After its massive success, one might have to consider the film's large budget and troubled production appropriate risks and natural to the filmmaking process, but it certainly didn't feel like it at the time. Indeed, there were moments during production where it looked like "Titanic" might, well, sink (to recycle a commonly used boat metaphor that too many pundits latched onto in 1997).
In a 2017 book excerpt printed in the Hollywood Reporter, the filmmakers recall the time Cameron charged off of the set in anger.

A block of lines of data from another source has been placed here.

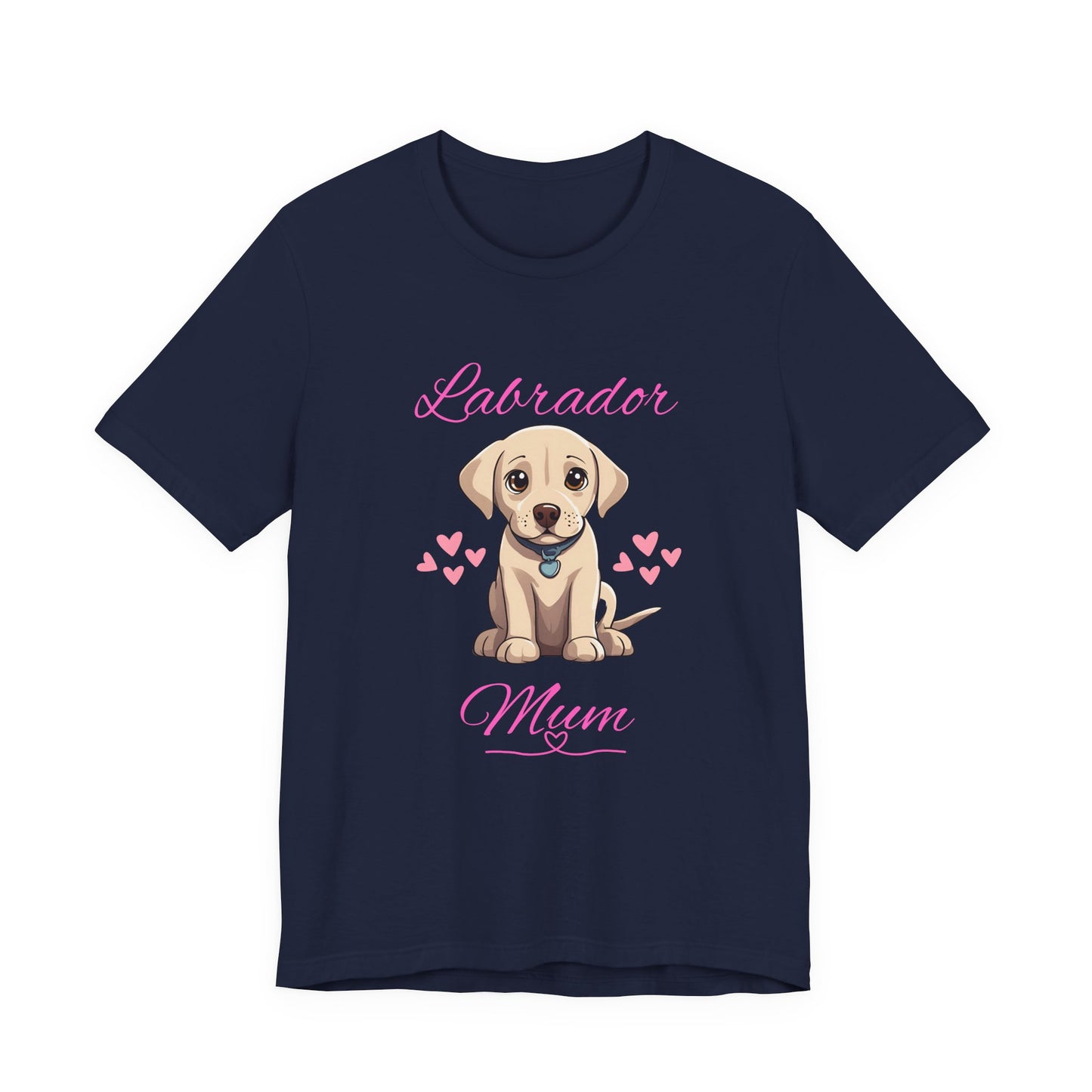 Labrador Mum T-Shirt — Dark Grey Heather — dog mum gift — SniffWaggleNWalk™
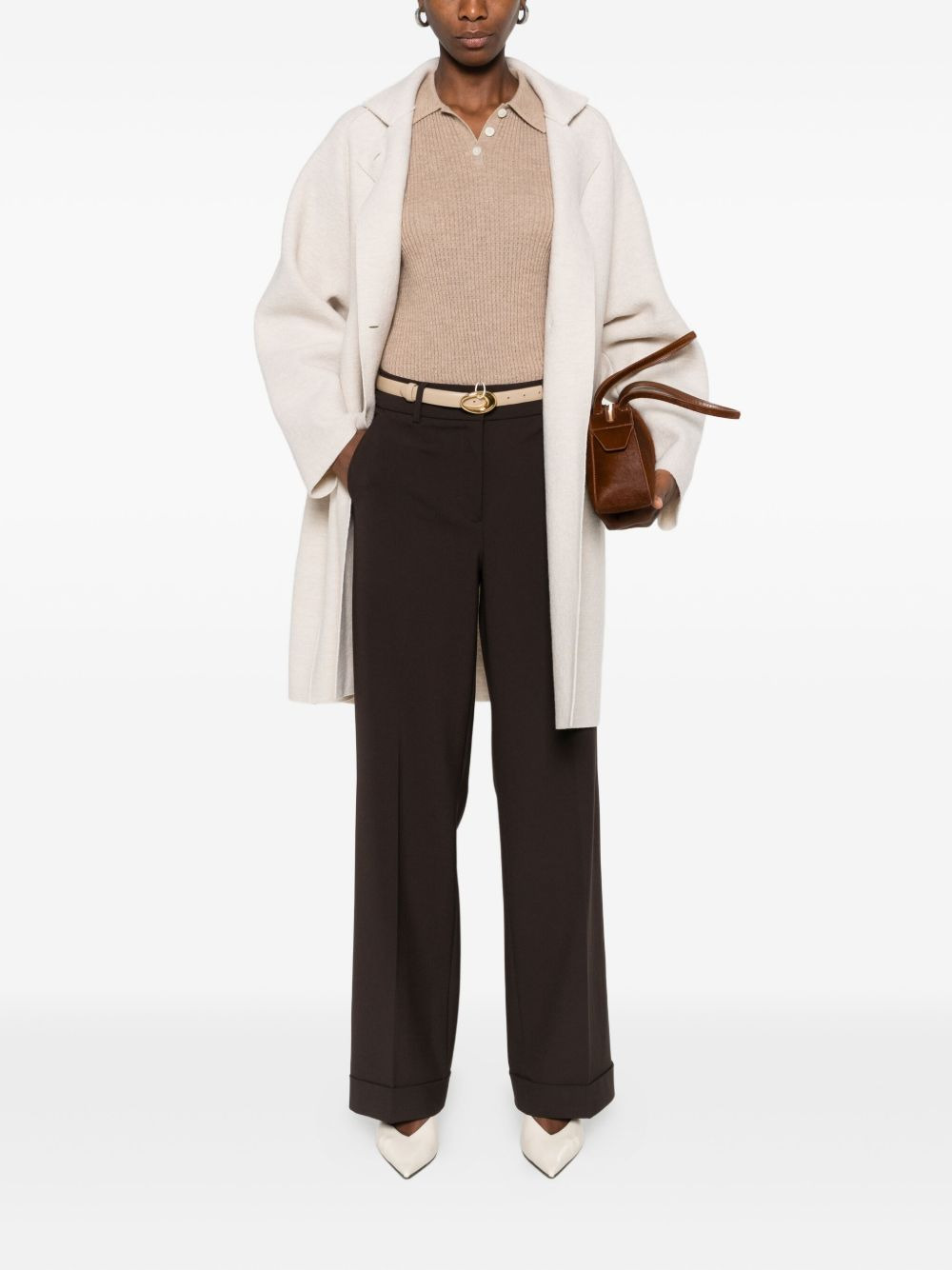Wool Single-Breasted Coat - 4
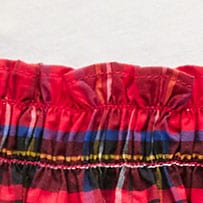 Girls' collared mixy dress in tartan IVORY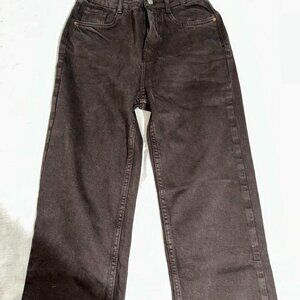 Zara Women's Brown and Black Jeans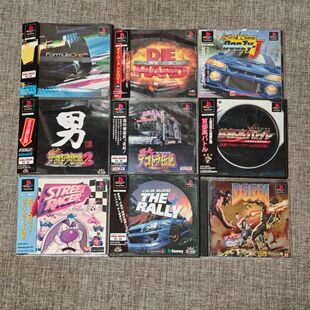 PS1 主机用 正版游戏 DOM 首都高 赛车 暴走卡车传说 虎胆龙威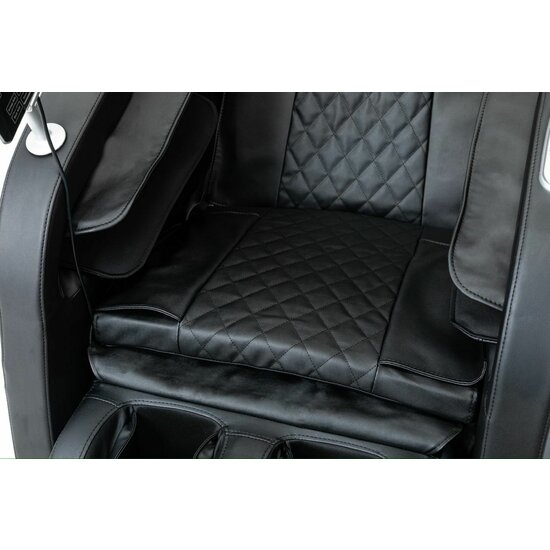 Fotoliu masaj gravitație zero negru/gri, încălzire, bluetooth, role picioare, airbag corp complet, LED touch picture - 5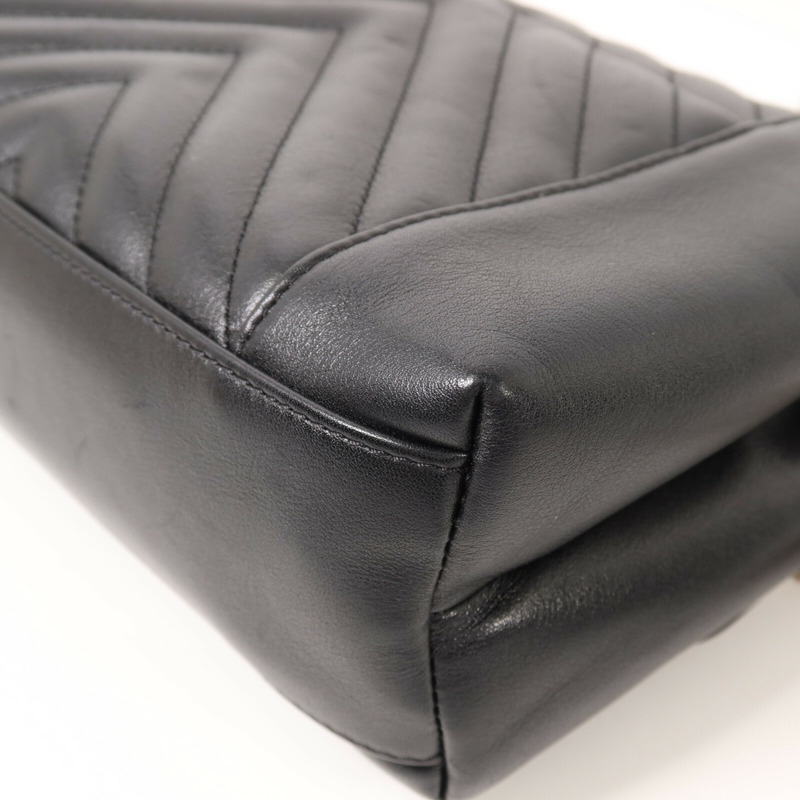 CHANEL 牛皮皮革Shoulder Bag金扣鏈帶肩背袋-13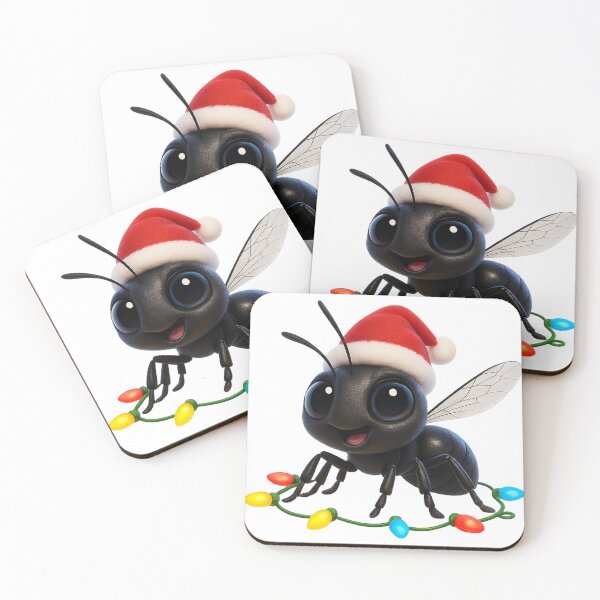 Item preview, Christmas Black Wasp designed and sold by Sillytoe.
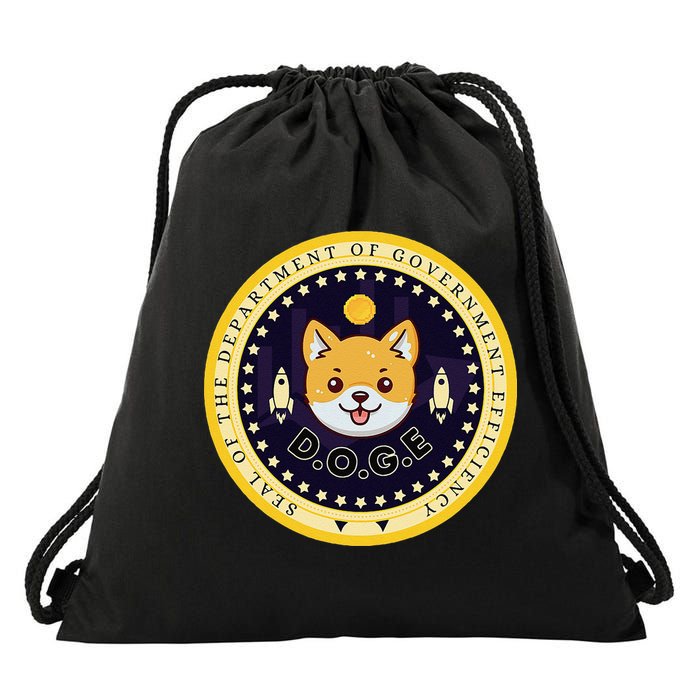 D.O.G.E Department Of Government Efficiency Crypto Cbdc Drawstring Bag
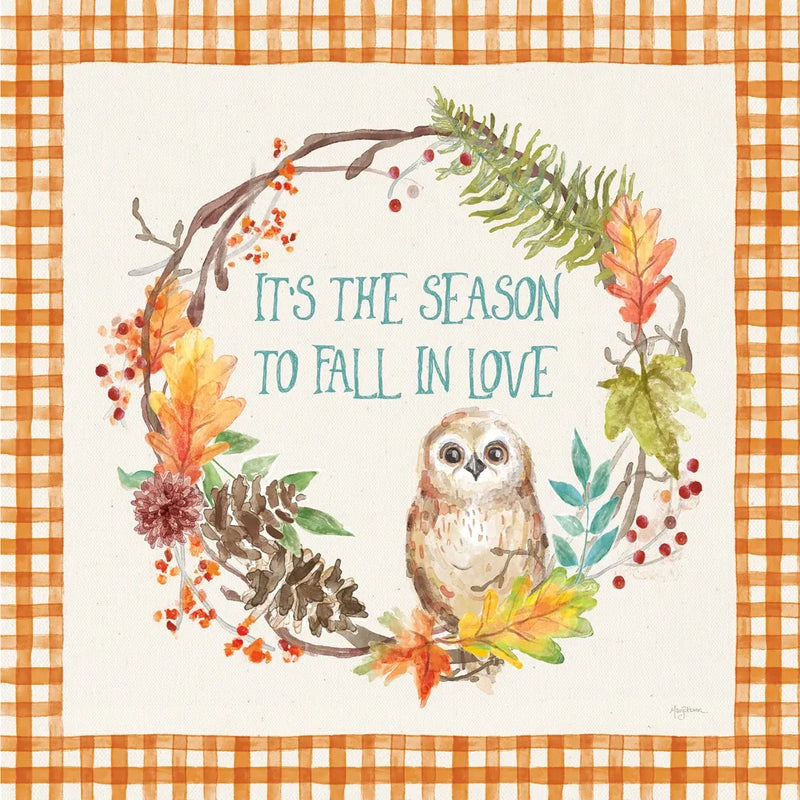 Autumn Friends V Pattern VD by Mary Urban. SKU 50601a. Archival Giclee Fine art print for wall decor.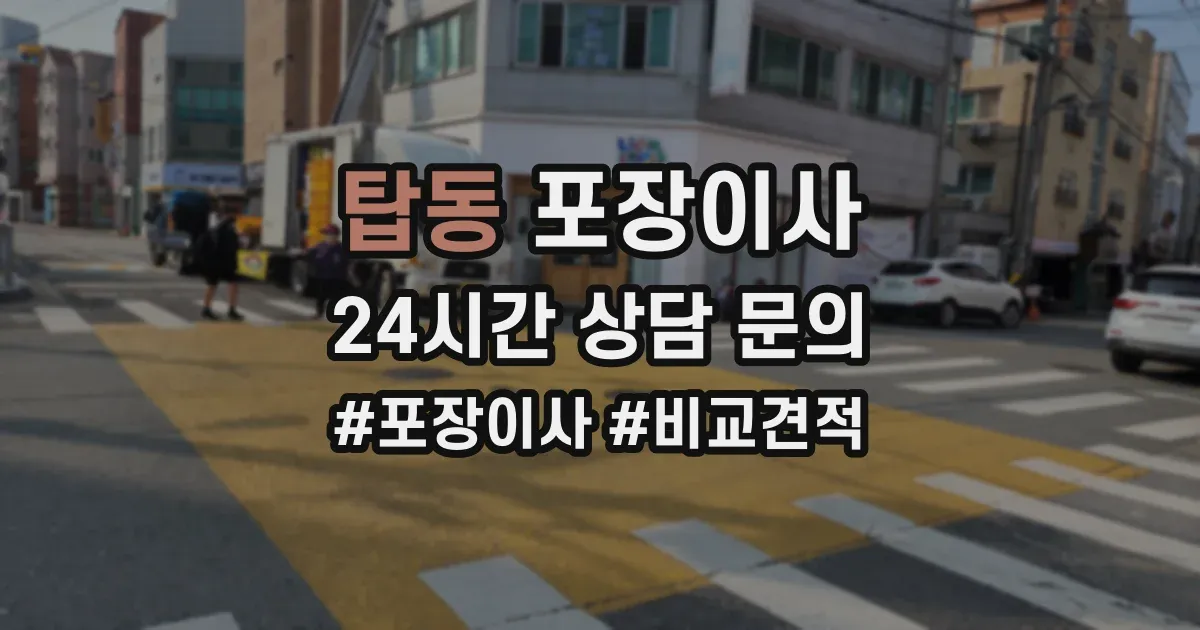 탑동 포장이사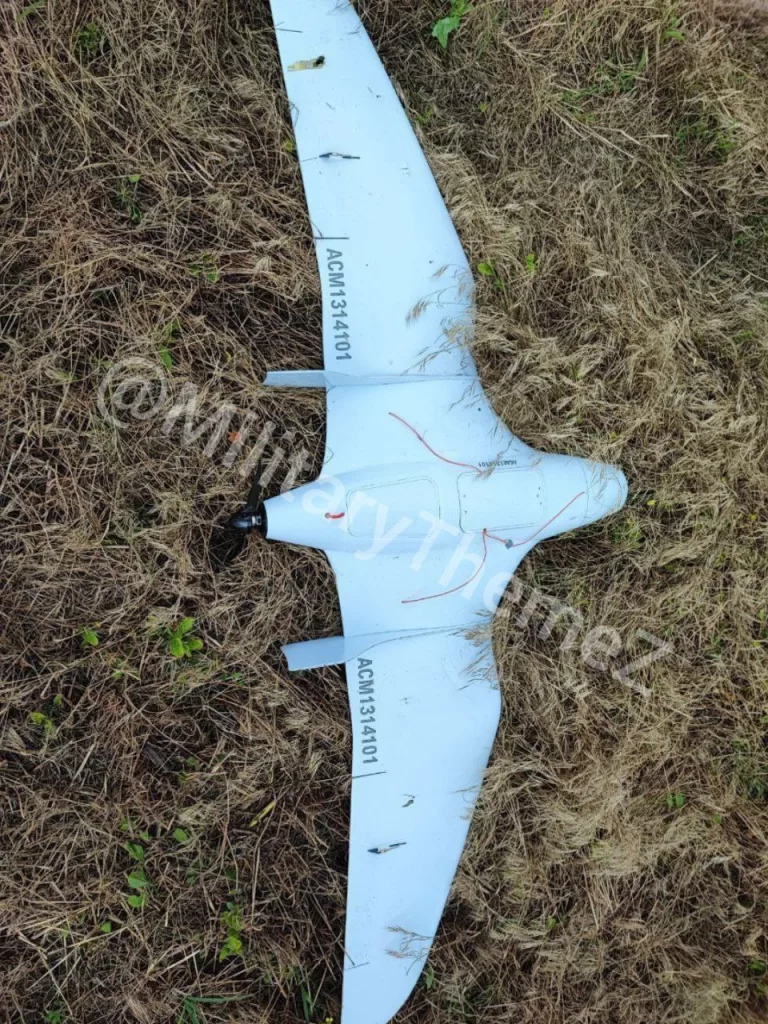 Сбитый БПЛА А1-СМ Фурия ВСУ где-то в зоне проведения СВО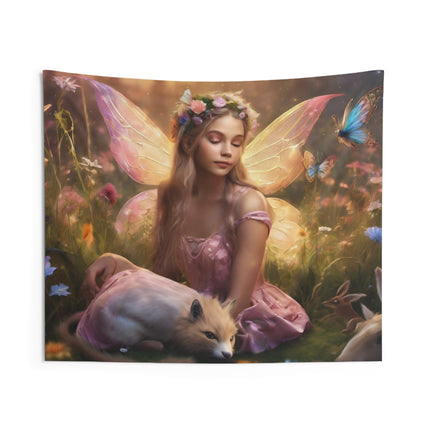 ENCHANTED FLOWER FIELDS FAIRY Tapestry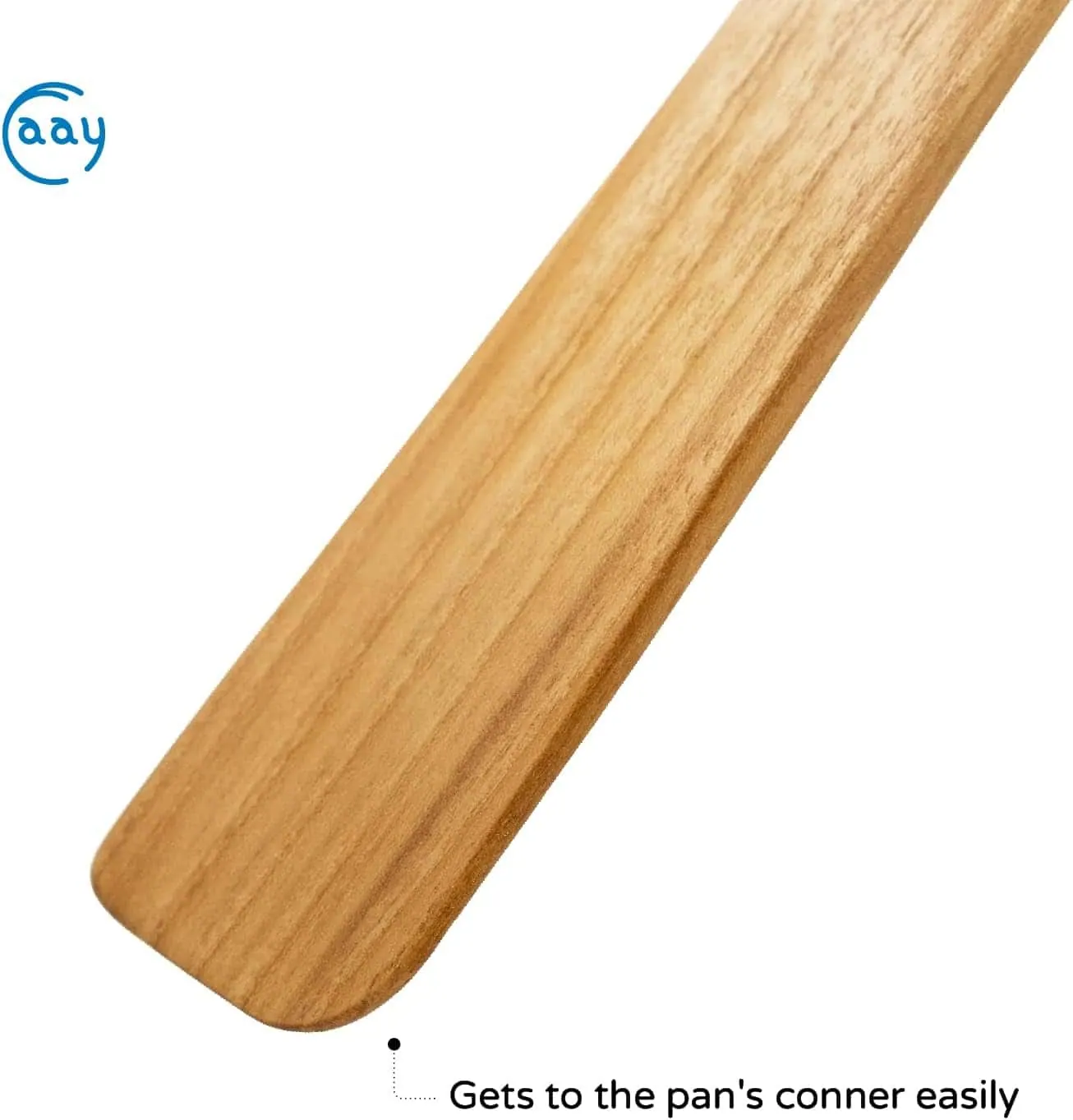 High-quality wooden spatula for kitchen cooking, non-stick, durable, easy to clean.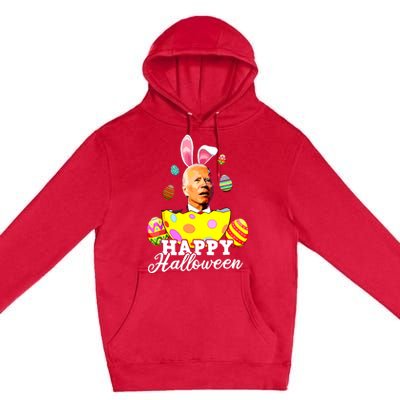 Funny Joe Biden Happy Halloween Confused Easter Biden Bunny Premium Pullover Hoodie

'Everyone thought they were going to lose money.'
The book was Stephen Galloway's "Leading Lady: Sherry Lansing and the Making of a Hollywood Groundbreaker," the 2018 biography of the Paramount executive that was present for "Titanic." The book articulates many of the film's issues. Cameron, for one, was seen as something of a dictator, often losing his temper and berating people on set. Cameron built an enormous scale model of the actual Titanic in an outdoor ocean soundstage in Mexico, and construction took far longer than anticipated. Russell Carpenter was the film's cinematographer, but he was only hired after Cameron fired his first DP. Several cast members caught the flu, causing delays. According to Fox executive Bill Mechanic, the film was losing three out of every five shooting days to one malady after another. This caused Mechanic to travel to Mexico and talk to Cameron as soon as he could ... about making massive cuts to the film's script.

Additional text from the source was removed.